The specific kind of alert that Hawaiians received while they slept in or ate breakfast this morning was a Wireless Emergency Alert (WEA). WEAs use a different technology than voice calls or text messages and can only be used in three situations: 1. Alerts issued by the President; 2: Alerts involving imminent threats to safety or life; or 3: Amber Alerts. Participating carriers may block all but Presidential alerts.
The good news about WEAs are that they are location specific: even if you happened to be a tourist visiting Hawaii this morning, you would’ve received the alert (so long as your carrier participates). Carriers who do not participate are required to notify consumers, but the major carriers have all opted in. But the big problem, obviously, is that they’re more subject to human error than their military counterparts.
Now, civilian agencies probably don’t have the capability to detect ballistic missile launches, so in a real-life incident that message would have to come from the military, likely U.S. Pacific Command (PACOM) headquartered right there in Hawaii. PACOM would notify their base Emergency Operations Center (EOC) who would pass it up to the Regional EOC. Of note, the bases usually don’t have control of the WEA tech and can notify only those registered in their systems (but can receive all IPAWS notifications). Because of that, the base or regional EOC would have to notify Hawaii EMA for transmission. That didn’t happen today because there wasn’t a ballistic missile inbound.
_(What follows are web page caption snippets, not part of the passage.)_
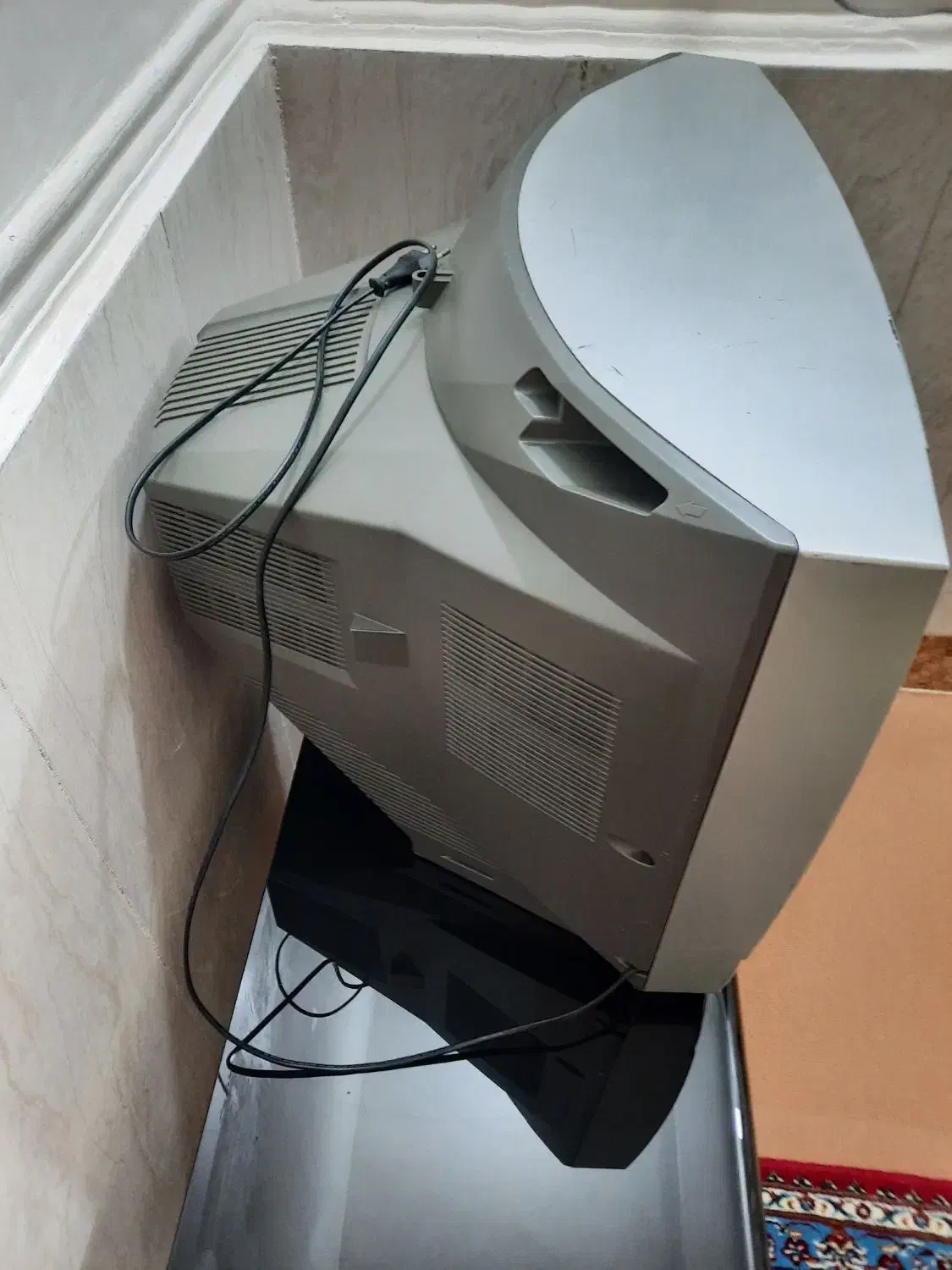 تلویزیون ۲۱ اینچ ال جی|تلویزیون و پروژکتور|مسجد سلیمان, |دیوار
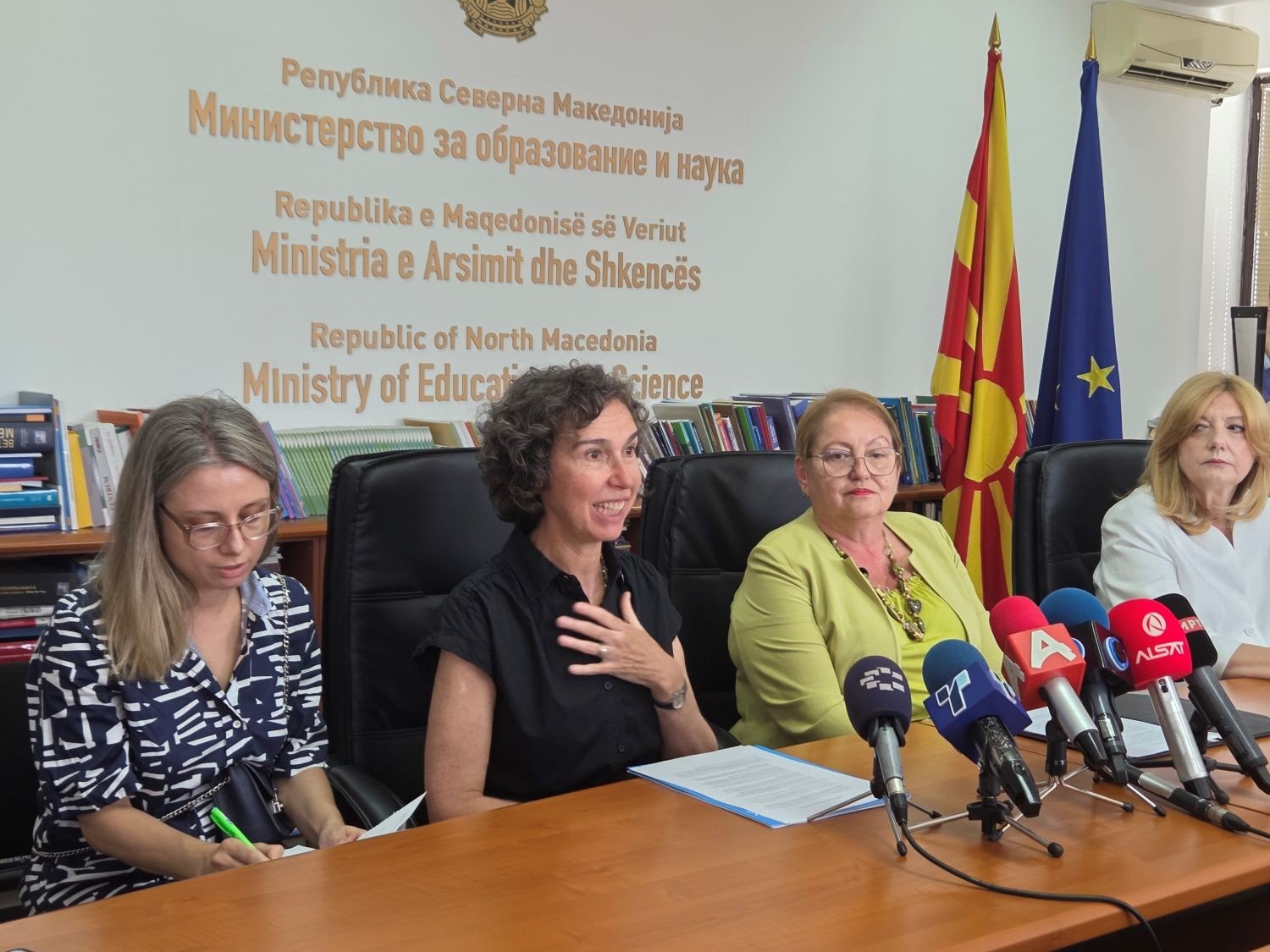 Пресс-конференция в Министерстве образования и науки Северной Македонии о новой методологии финансирования школьного образования
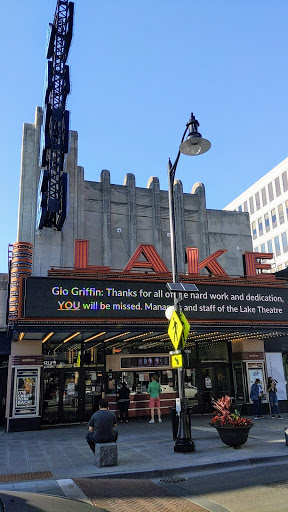 Movie Theater «Lake Theatre: Classic Cinemas», reviews and photos, 1022 Lake St, Oak Park, IL 60301, USA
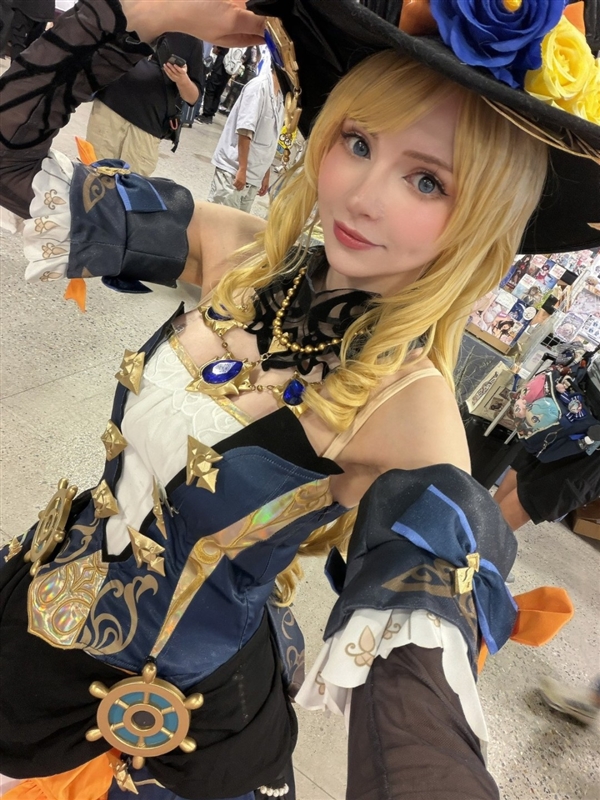 《生化4RE》阿什莉体模Cos新照 性感诱人 Cos 第7张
A medium-range ballistic missile target is launched from the Pacific Missile Range Facility in Kauai, Hawaii, during Flight Test Standard Missile-27, Event 2. The target was successfully intercepted by SM-6 missiles fired from the guided-missile destroyer USS John Paul Jones (DDG 53).U.S. Navy/Latonja Martin
The governor of Hawaii claims that during a shift change, an operator simply hit the wrong button. Well, it doesn’t exactly work that way. These alerts are not actuated by physically pushed buttons because the number of buttons that would require, for all of the different types of alerts, would be unwieldy. An operator would either type in the desired alert (or select from canned messages), select which communications mediums they’d like to use and the populations they’d like to alert, and then hit “send” and then again confirm that they really want to send that message. The canned messages might be available as electronically selectable on a computer screen (like a Windows button) but a “confirm” dialogue would still be required.
Time will tell what really happened, but as a Certified Emergency Manager (CEM) who helped set up the Mass Notification System for a major military base, I know that what likely occurred was a serious breach in procedure at Hawaii EMA. The authority who issued today’s alert and then took 40 minutes to send a retraction on WEA. PACOM immediately released a message saying that there was no threat, so why didn’t Hawaii EMA immediately send a retraction via WEA? There are serious implications associated with false alerts. What happens when an alert about a tsunami, wildfire, or active shooter are real and people ignore them?
Maybe we were hacked, as some have alleged, but probably not. No matter what happened, someone must be held accountable for this egregious breach of professionalism — and that person is almost definitely sitting at HI-EMA. Let’s hope that this scare motivates agencies across the nation to take a look at their own procedures. And let’s hope Gov. Ige holds his team accountable.